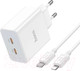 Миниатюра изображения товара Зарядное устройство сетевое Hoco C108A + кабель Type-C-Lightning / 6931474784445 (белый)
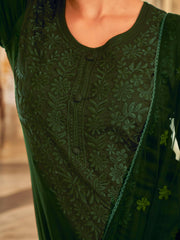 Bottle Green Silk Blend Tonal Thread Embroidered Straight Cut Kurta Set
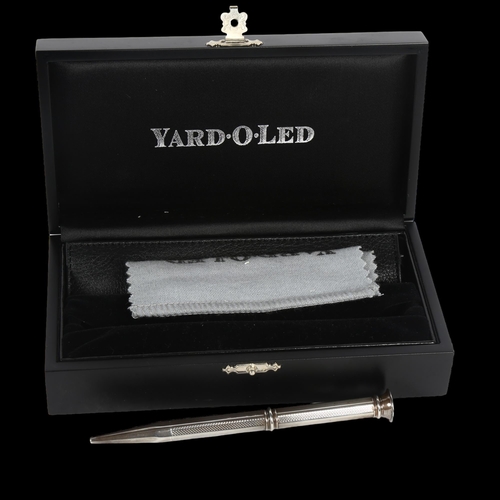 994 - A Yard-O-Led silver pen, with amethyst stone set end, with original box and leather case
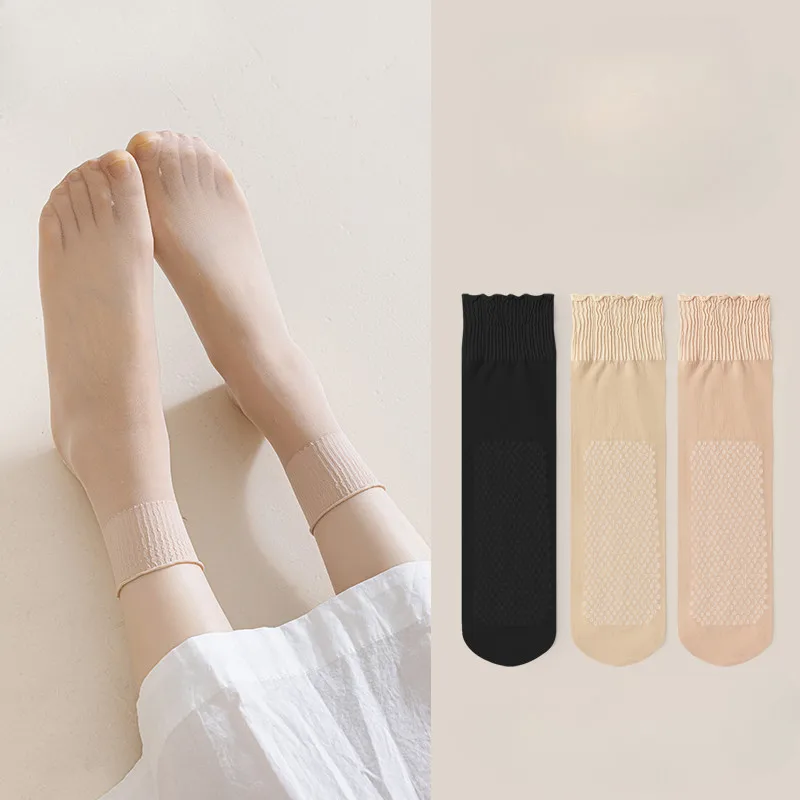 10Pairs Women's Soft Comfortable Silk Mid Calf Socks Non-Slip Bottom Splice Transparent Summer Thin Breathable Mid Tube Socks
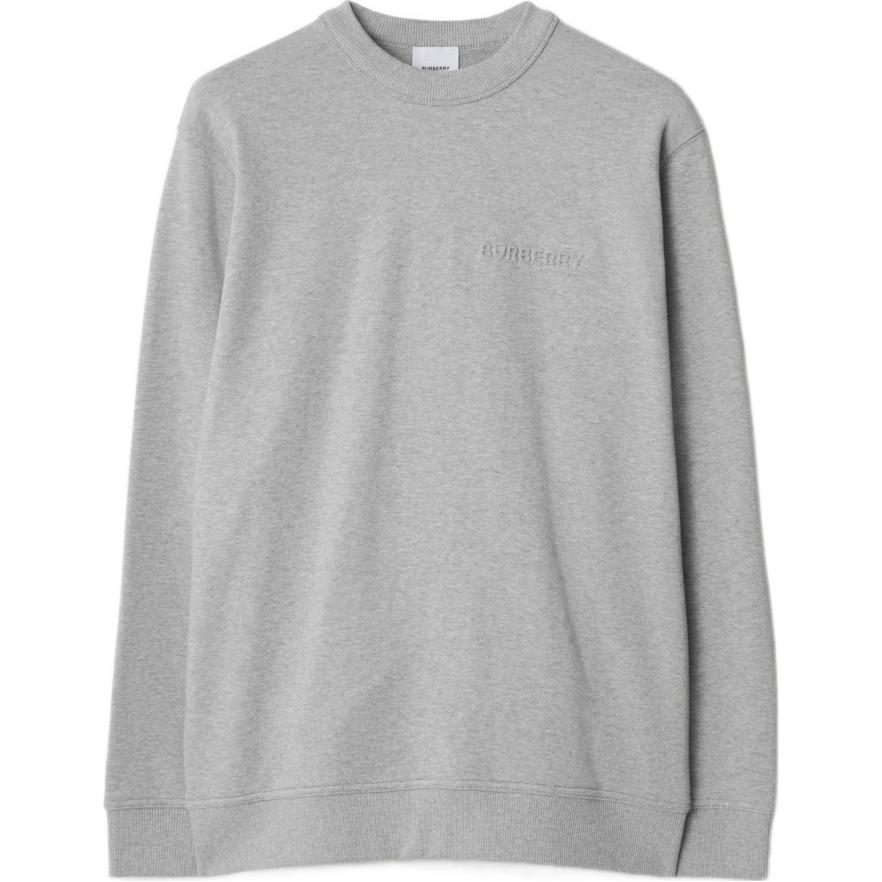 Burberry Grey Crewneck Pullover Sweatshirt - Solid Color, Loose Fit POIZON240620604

*TASK STATEMENT*. Please repeat all of the data exactly, excluding images.

*RESULT OF THE EXERCISE*.
 Миниатюра изображения товара Зарядное устройство сетевое Hoco C108A + кабель Type-C-Lightning / 6931474784445 (белый)
 Bottle Green Silk Blend Tonal Thread Embroidered Straight Cut Kurta Set
 994 - A Yard-O-Led silver pen, with amethyst stone set end, with original box and leather case
 10Pairs Women's Soft Comfortable Silk Mid Calf Socks Non-Slip Bottom Splice Transparent Summer Thin Breathable Mid Tube Socks
 Burberry Grey Crewneck Pullover Sweatshirt - Solid Color, Loose Fit POIZON240620604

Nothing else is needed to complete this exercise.